There are an increasing number of Canadians who – by virtue of having no credit rating, a poor credit rating or limited financial literacy skills – are excluded from meaningful engagement with mainstream financial institutions.
Brenda Spotton Visano (left), a professor of economics and a member of the Economics, Social & Political Thought and Sociology Graduate Programs, is working with members of the Black Creek Capacity Building Project on the development of a Microcredit Loan Program – a community finance initiative that aims to improve local economic development by removing barriers to financial credit and enabling a variety of employment opportunities. The program will help to provide loans at reasonable interest rates and skill development to individuals in the community via partnerships with financial institutions and business support networks. The Microcredit Loan Program has recently partnered with ACCESS Capital, a member of the Canadian Community Investment Network Cooperative. It is part of a larger research project Spotton Visano is working on that examines financial programs and capacity-building in low income, inner-city communities in Canada.
“The Microcredit Loan Program recognizes that exclusion from financial services poses challenges to economic advancement and it seeks to provide access to credit and support services for residents in the Black Creek community,” said Spotton Visano. “Additionally, it will provide assistance in developing business plans, bookkeeping and money management, computer skills and other skills necessary to employment as an entrepreneur or independent skills tradesperson. All of this is in an effort to create sustainable employment and to maximize the untapped skills and talents of those living in the community.”
Recent trends suggest a growing marginalized and precariously employed unskilled labour force, especially among women, while at the same time an unmet demand for skilled trades and growing opportunities for micro-entrepreneurs. Spotton Visano’s research project seeks ways in which to structure microcredit programs to be an effective avenue by which to transition low income, marginalized communities into the Canadian workforce and financial mainstream.

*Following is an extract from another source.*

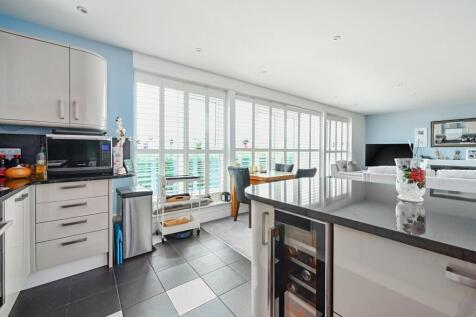 Kitchen/ Open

Many programs operating in urban communities in North America have had very limited success due to their inability to become sustainable or financially viable in the long run. Spotton Visano and fellow researcher Kelly Thomson, a professor in the School of Administrative Studies in York’s Atkinson Faculty of Liberal & Professional Studies, believe that this project provides a valuable opportunity to examine closely the full range of costs and social as well as economic benefits a program like this can provide. It is also a chance to investigate the accessibility of these programs, determining what actual and perceived barriers to such opportunities exist.
Right: Kelly Thomson
“We hope to develop and identify best practices for creating a continuum of integrated services that can support the transition of unskilled, low wage workers into the skilled Canadian labour market as independent contractors, sole proprietors or partners of micro-enterprises,” commented Spotton Visano. “Ideally, at the same time, we will create a model on which other Ontario inner-city communities can build and strengthen their own economic programming and development.”

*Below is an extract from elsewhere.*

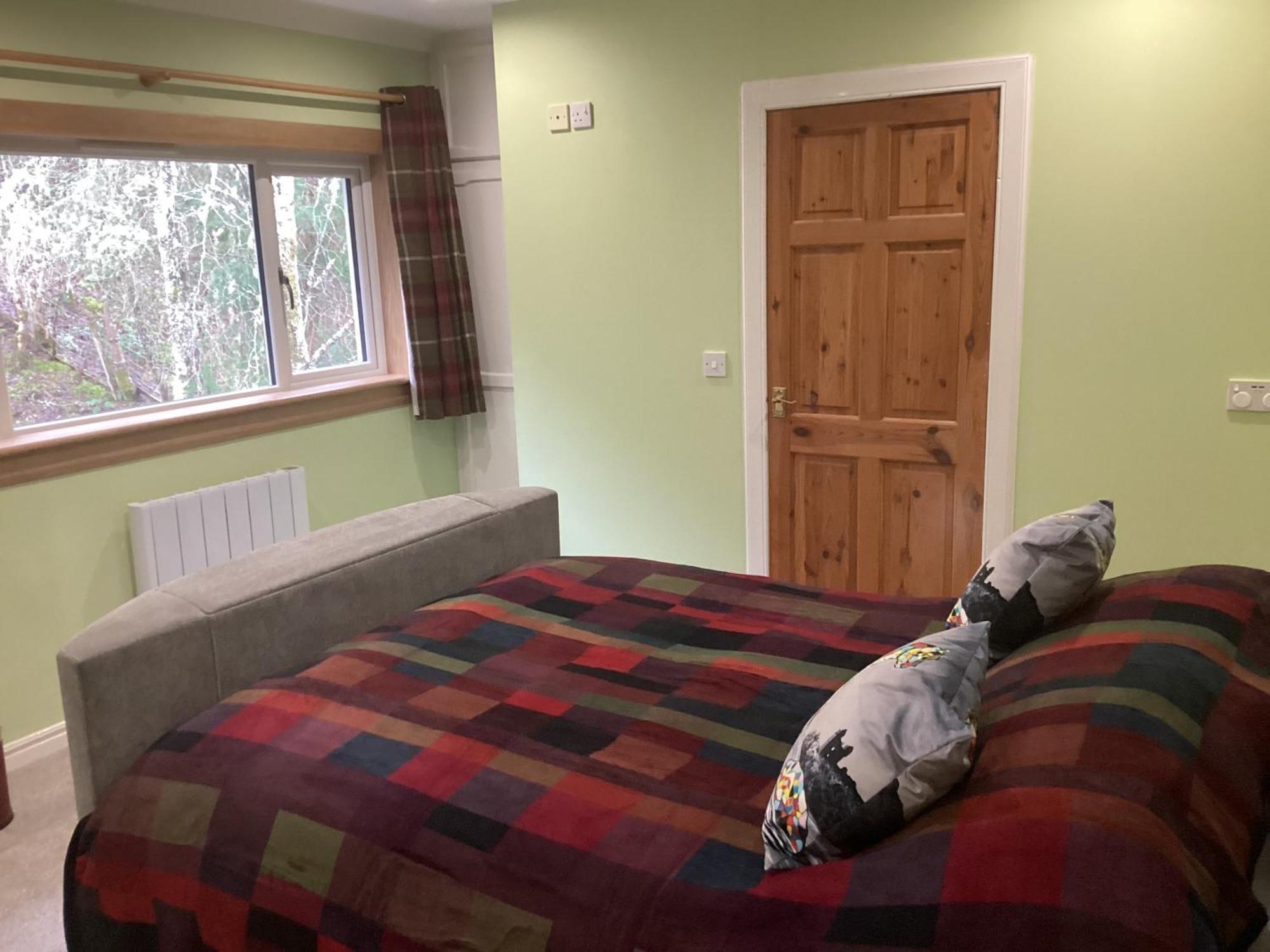 Taigh Sealladh Feidh B&B Fort Augustus Exterior photo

Spotton Visano teamed up with the Atkinson Faculty’s KNOWLEX Exchange Project – which supports collaboration between the University community and communities outside of York – to develop a variety of communication materials designed to inform the public of the initiative. She’s been working closely with Professor Debra Langan, project coordinator, and KNOWLEX students Akilah Haneef and Neil Britto. They presented their preliminary findings and experiences on the project at the Atkinson Faculty of Liberal & Professional Studies’ Engaging Research & Teaching Celebration on April 14 (see YFile, April 14).
As Langan noted, “The Microcredit Loan Program is an ideal way for students to learn about the dimensions of scholarly research, the needs of the community and how to translate research so that it is accessible to a wide range of audiences. It is also a great way to facilitate the exchange of knowledge between academics like Spotton Visano and communities external to York.”
Spotton Visano teaches in Atkinson’s Department of Economics and School of Public Policy and Administration. She has published extensively on topics related to macrofinance and financial crises. Her latest book, Financial Crises: Socio-economic causes and institutional context (Routledge, 2006), explores the major patterns of change in the evolution of financial crises and analyzes the paradoxical position that crises are at once similar to and different from each other.